At W. P Carey's MS in Business Analytics program, about 40% of students are business majors, says Jana Stern, associate director of admissions.

Enrolment has increased, she says, and the school plans to expand the cohort further, such is the high demand for analytics training.

But some professors suggest the meteoric rise in interest in analytics may threaten generalist MBA programs, as companies have started to focus on specific skills when recruiting in light of the financial crisis.

“At least in short term, MBAs are actually being replaced by more technical and professional skill degrees,” says Wullianallur R Raghupathi, director of the MSc in Business Analytics at Fordham Graduate School of Business.

Most analytics master’s courses, however, are distinctly separate from MBA programs. Most program directors believe they don’t offer the same level of managerial or leadership development.

“These MS degrees… Provide a complementary skill set, but not the managerial training [of an MBA],” says Michael at McCombs.

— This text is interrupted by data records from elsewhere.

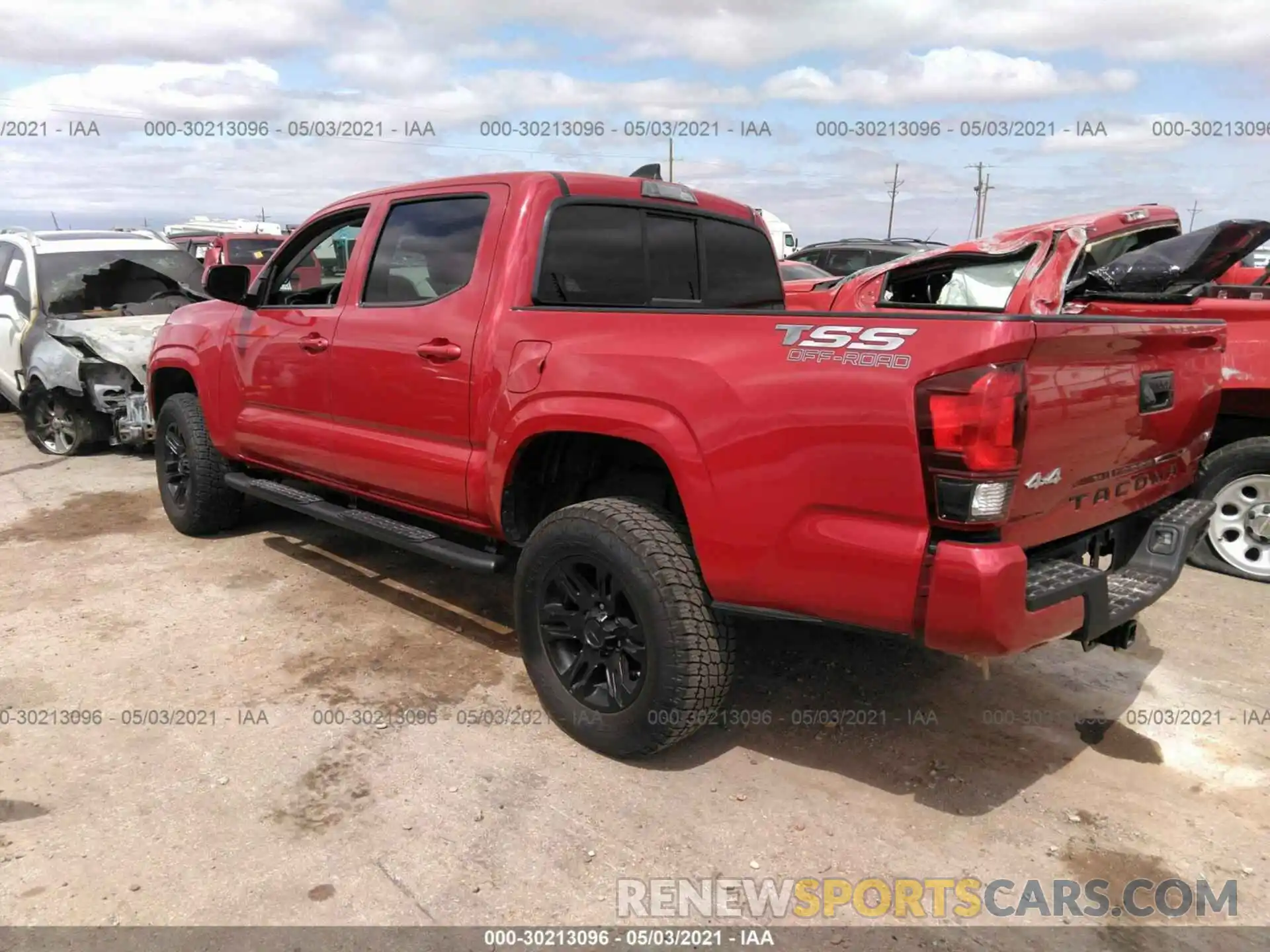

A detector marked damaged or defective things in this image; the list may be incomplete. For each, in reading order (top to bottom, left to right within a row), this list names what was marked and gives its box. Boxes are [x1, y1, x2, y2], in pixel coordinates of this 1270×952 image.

wrecked car hood [1077, 219, 1270, 294]
damaged white suv [0, 229, 206, 457]
wrecked car hood [44, 317, 173, 383] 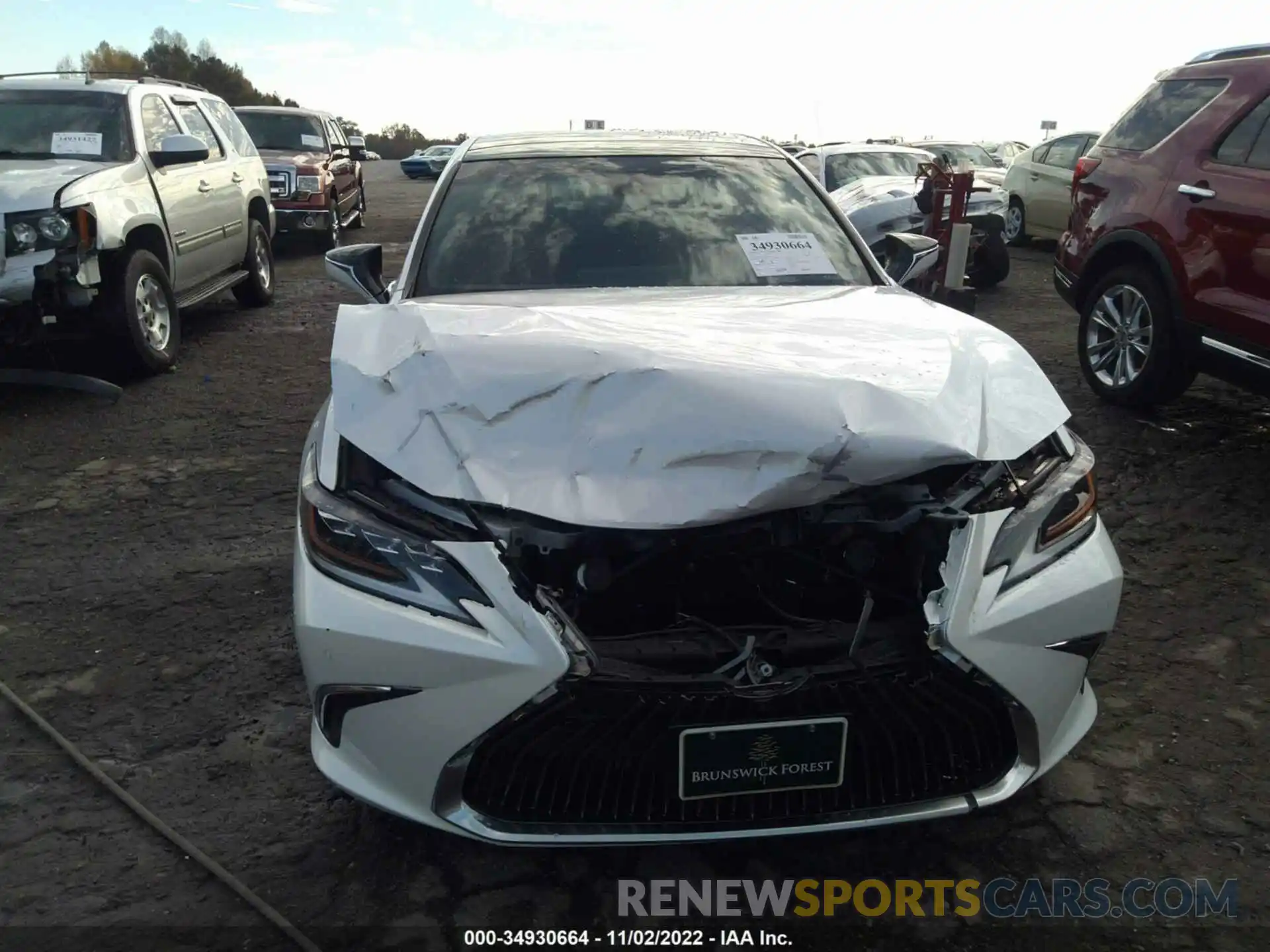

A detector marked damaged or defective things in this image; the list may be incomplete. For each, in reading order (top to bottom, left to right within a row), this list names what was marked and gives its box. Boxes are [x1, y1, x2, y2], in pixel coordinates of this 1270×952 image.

crumpled hood [0, 159, 114, 213]
damaged vehicle [0, 75, 276, 373]
crumpled hood [257, 146, 325, 167]
damaged vehicle [836, 165, 1011, 288]
shattered headlight [300, 444, 495, 624]
crumpled hood [328, 287, 1069, 532]
damaged white lexus es [295, 130, 1122, 846]
damaged vehicle [295, 130, 1122, 846]
shattered headlight [990, 434, 1095, 587]
broken front bumper [295, 497, 1122, 846]
cracked grille [460, 658, 1016, 830] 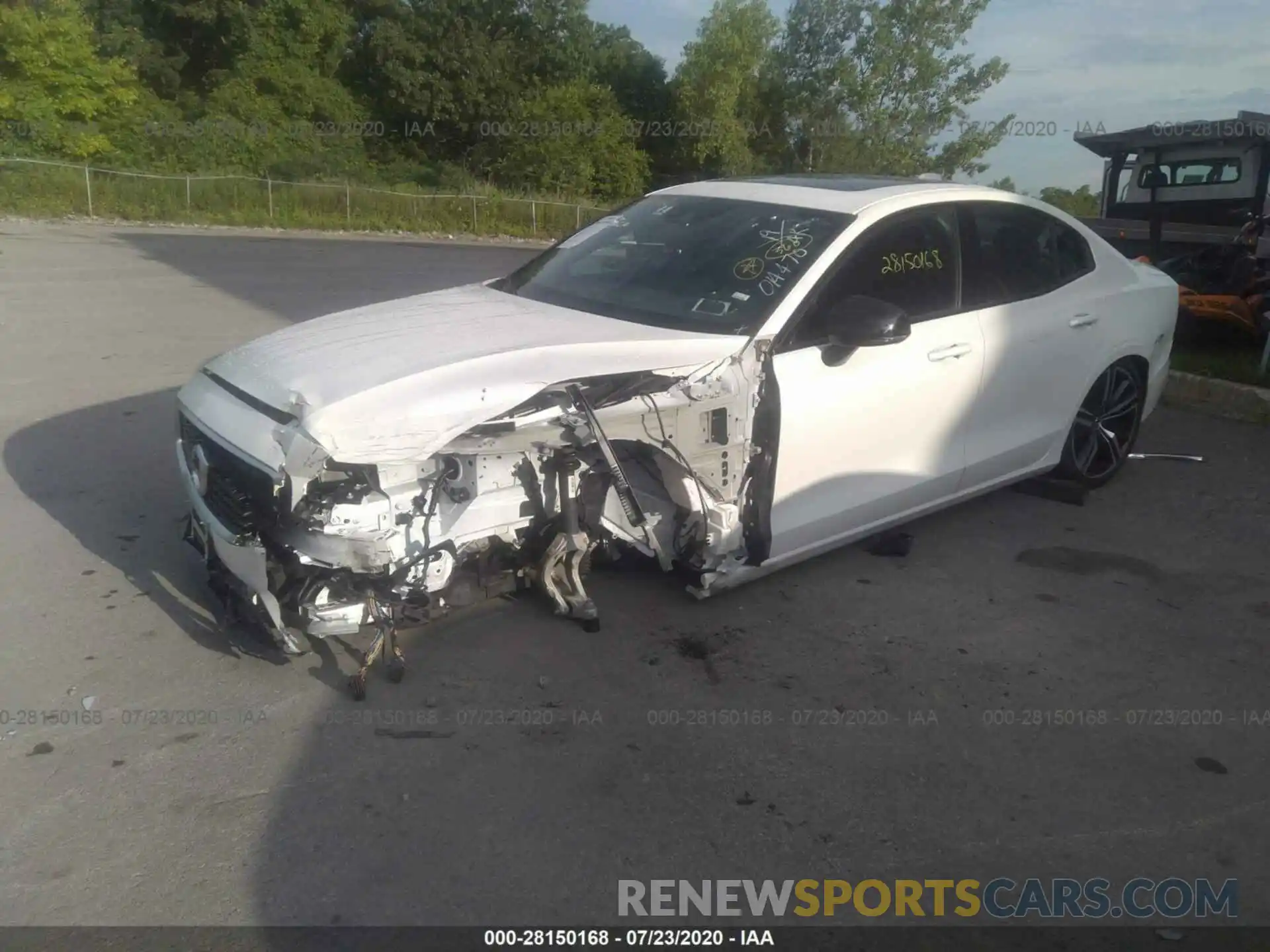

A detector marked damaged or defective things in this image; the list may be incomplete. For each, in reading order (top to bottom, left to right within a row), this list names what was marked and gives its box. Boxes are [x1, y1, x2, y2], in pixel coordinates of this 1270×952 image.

crumpled hood [198, 282, 741, 464]
white damaged sedan [174, 175, 1173, 695] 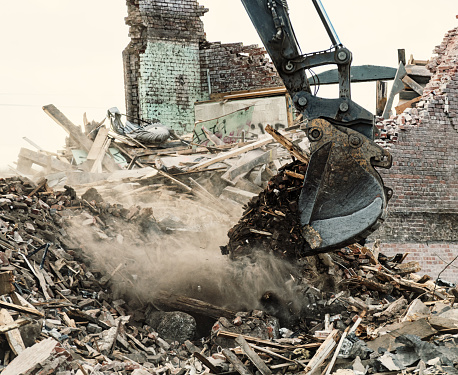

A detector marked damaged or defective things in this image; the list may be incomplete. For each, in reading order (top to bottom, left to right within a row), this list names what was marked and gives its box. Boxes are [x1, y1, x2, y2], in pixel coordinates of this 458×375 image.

splintered wood plank [0, 310, 25, 356]
splintered wood plank [1, 338, 59, 375] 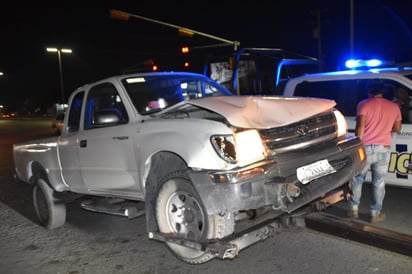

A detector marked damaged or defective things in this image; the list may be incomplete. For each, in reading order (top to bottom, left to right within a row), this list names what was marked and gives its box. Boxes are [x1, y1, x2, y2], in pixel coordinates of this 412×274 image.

dented hood [187, 95, 334, 130]
cracked headlight [211, 130, 266, 166]
damaged silver pickup truck [12, 71, 366, 264] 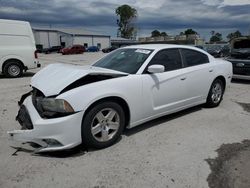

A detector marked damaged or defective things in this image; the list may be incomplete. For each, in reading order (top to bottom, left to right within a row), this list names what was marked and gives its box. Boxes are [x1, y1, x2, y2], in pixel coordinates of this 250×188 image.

front bumper damage [7, 94, 84, 153]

Moreover, most of the master’s in analytics programs are offered by low-ranking schools. “The demand will increase but getting it right is still difficult,” says Murat from Schulich.

Ambitious growth lies ahead, however, with an increase in provision of analytical training being seen across many business schools’ portfolios.

For Paul at Deloitte Digital, it cannot come soon enough. Wrapping up a lunchtime chat from the firm’s new office, he says he has been searching for the right hires from industry, agencies, other consultancies and universities: “We are looking in areas where traditionally we may not have looked.”

But he adds: “We’ve had to look at a number of things to make sure we can attract, retain and deploy that talent.”